(excerpted from Teaching Children Self-Discipline, an e-book)
A common misunderstanding crops up in most discussions about discipline. It centers on the notion of limits. All parents and teachers recognize the necessity of kids growing up with certain limits, yet few understand that it makes a difference how these limits are established-again, the issue of what means are employed.
Defining Terms and Clarifying Meanings
Dare-to-discipline proponents assert with confident conviction: “Kids need limits and kids want limits.” But this is a dangerous half-truth. It is necessary that kids feel there are limits on their behaviors, for the sake of others mostly. But what a world of difference there is between the way youngsters react to limits imposed by an adult and the way they react to limits they have a voice in determining!

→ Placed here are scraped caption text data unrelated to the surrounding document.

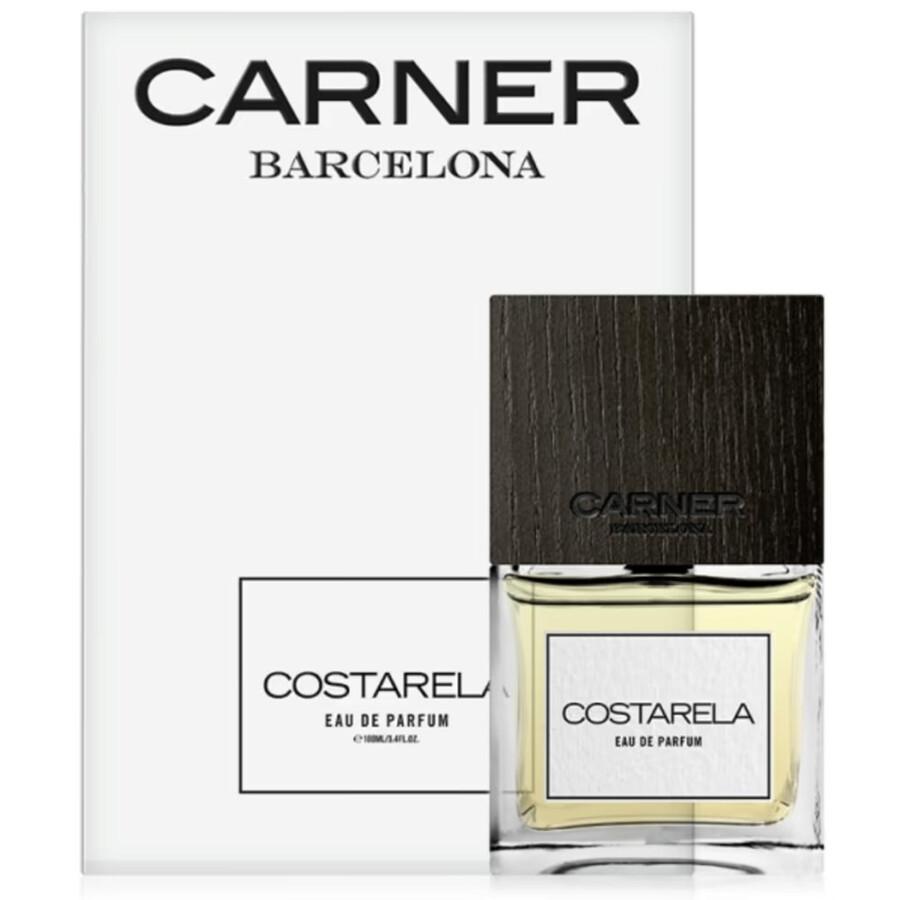 CARNER BARCELONA Carner Barcelona Costarela Unisex EDP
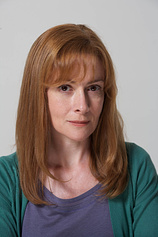 picture of actor Emma Fielding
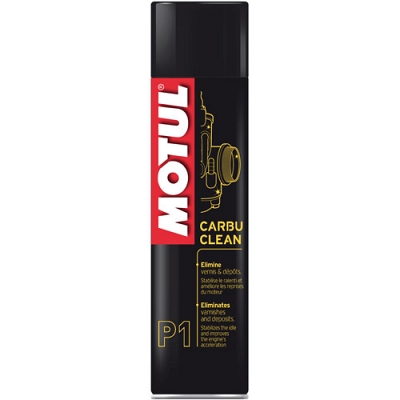 Motul P1 Carbu Clean 400ml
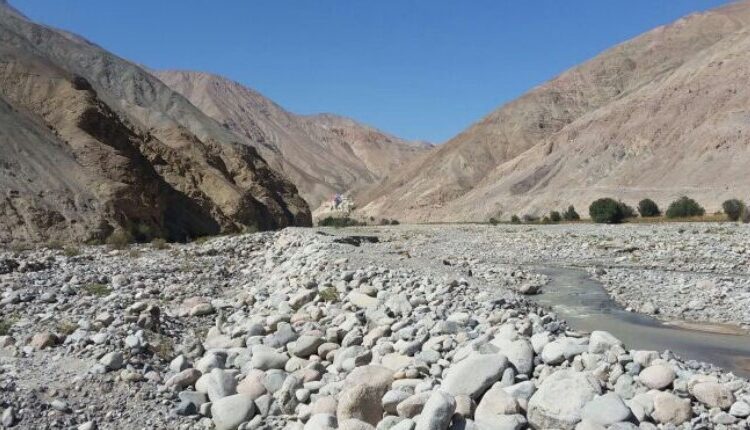 Agricultores de Arancha acusan de despojo al MOP por obras de embalse Chironta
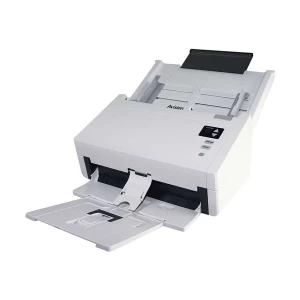 Avision AD230U Flatbed and Sheet Fed Color duplex Document Scanner with ADF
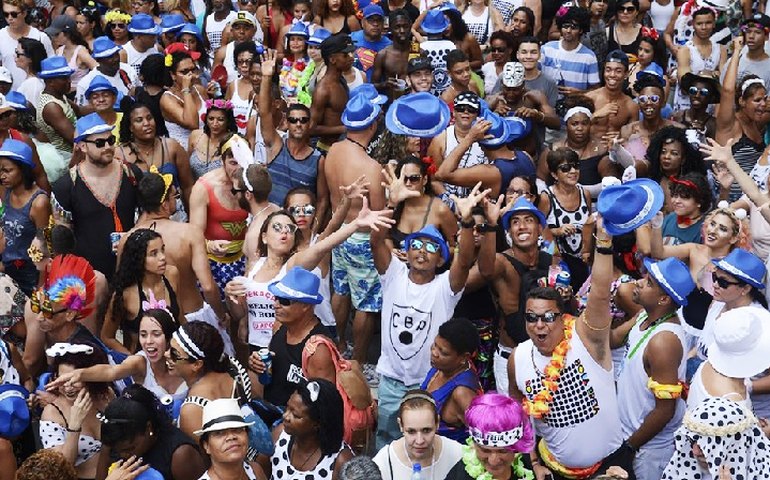 Carnaval do Rio movimentará R$ 4,5 bi em 2023, afirma estudo de órgãos municipais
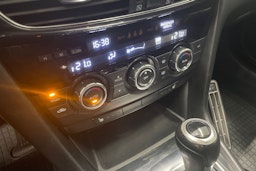 musta Mazda 6 2013 kuva 22.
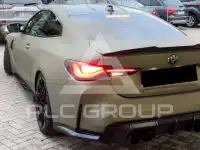 2021 BMW M4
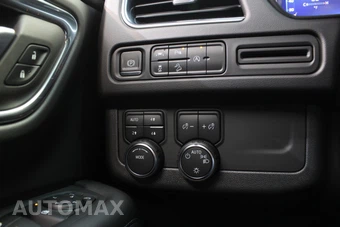 2023 Chevrolet Suburban Z71 2Z7 - miniatura 69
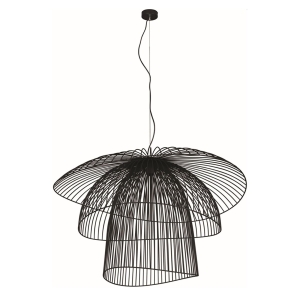 Lampa wisząca KP-12 z serii PLAZA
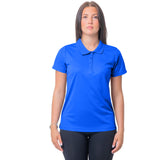 WOMENS POLO SHIRT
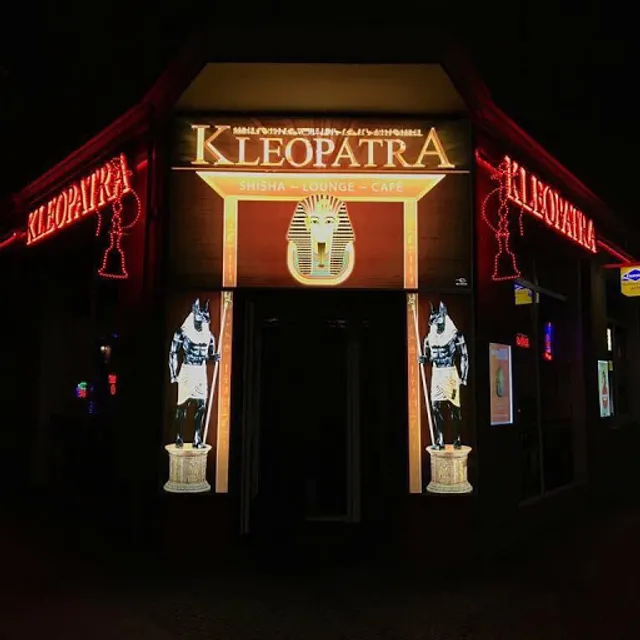 Kleopatra - Shishabar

You’ll see this clearly in a later chapter when I show how parents and teachers can use the potent “principle of participation” to get kids involved, in mutual problem-solving that yields agreements, contracts, rules, and limits that really stick. I think you’ll be convinced that kids are much more motivated to keep commitments when adults give them a voice in setting limits on their own behavior.
All families and classrooms need specific rules and clearly understood policies. Given the opportunity, children are quite capable of participating with their parents or teachers to set rules and policies that will govern their behavior. Classrooms and families can govern themselves effectively without adult supremacy, without someone being the boss, the rule maker. You can forget the dire warning of all those dare-to-discipline books that without rules set by adult authority there will be anarchy, chaos, and confusion. It isn’t true. In fact, when children are given the opportunity to participate in setting rules, families often discover they have more rules than before and everyone sticks to them. The critical question then, is not whether limits and rules are needed in families and schools, but rather who sets them: the adults alone or the adults and kids-together.